TASK REQUIREMENTS:
Copy the following data exactly and drop the pictures.

RECORDS SHOWN:
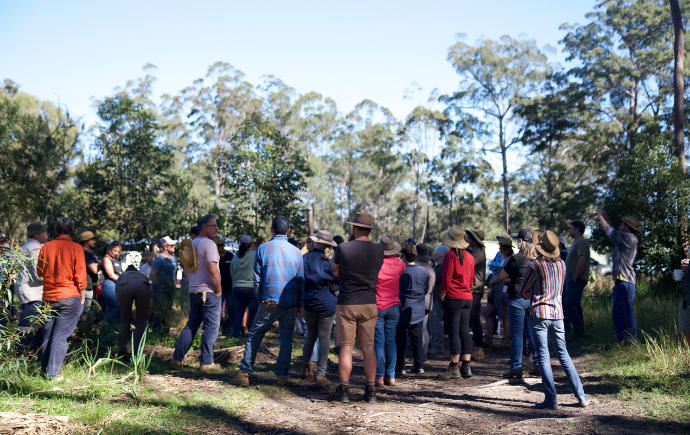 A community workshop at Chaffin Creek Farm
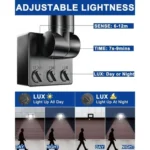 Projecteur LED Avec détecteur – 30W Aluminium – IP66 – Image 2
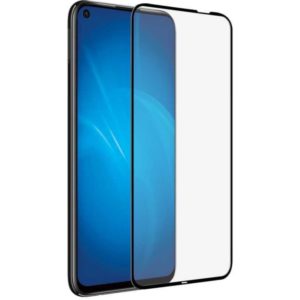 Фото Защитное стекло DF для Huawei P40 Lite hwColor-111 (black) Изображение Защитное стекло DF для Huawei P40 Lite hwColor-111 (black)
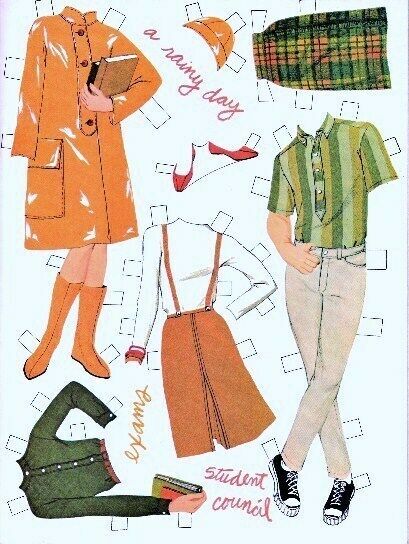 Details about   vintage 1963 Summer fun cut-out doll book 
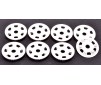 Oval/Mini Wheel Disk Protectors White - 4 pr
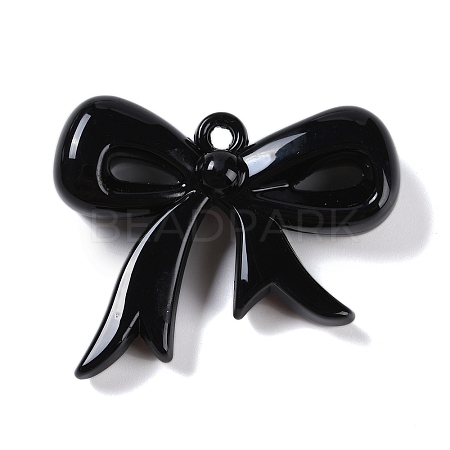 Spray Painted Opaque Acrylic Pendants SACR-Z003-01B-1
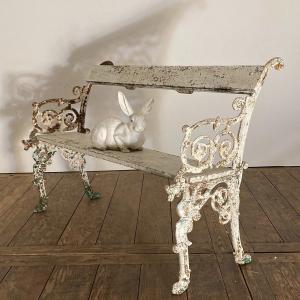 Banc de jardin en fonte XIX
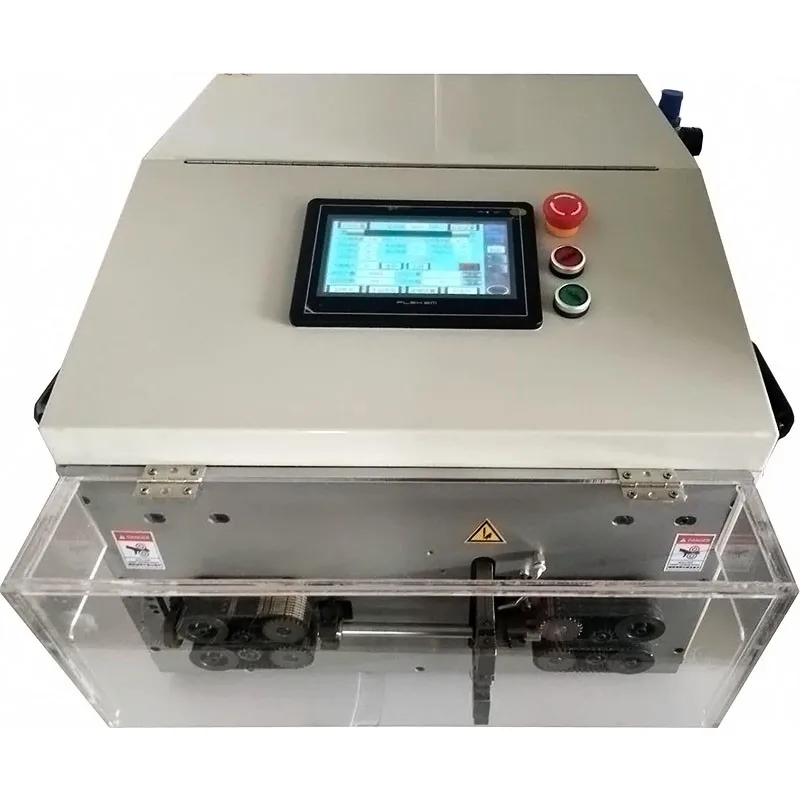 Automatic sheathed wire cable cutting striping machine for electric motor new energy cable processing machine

TASK RESULT:
 A community workshop at Chaffin Creek Farm
 Projecteur LED Avec détecteur – 30W Aluminium – IP66 – Image 2
 Фото Защитное стекло DF для Huawei P40 Lite hwColor-111 (black) Изображение Защитное стекло DF для Huawei P40 Lite hwColor-111 (black)
 Details about   vintage 1963 Summer fun cut-out doll book 
 Oval/Mini Wheel Disk Protectors White - 4 pr
 Spray Painted Opaque Acrylic Pendants SACR-Z003-01B-1
 Banc de jardin en fonte XIX
 Automatic sheathed wire cable cutting striping machine for electric motor new energy cable processing machine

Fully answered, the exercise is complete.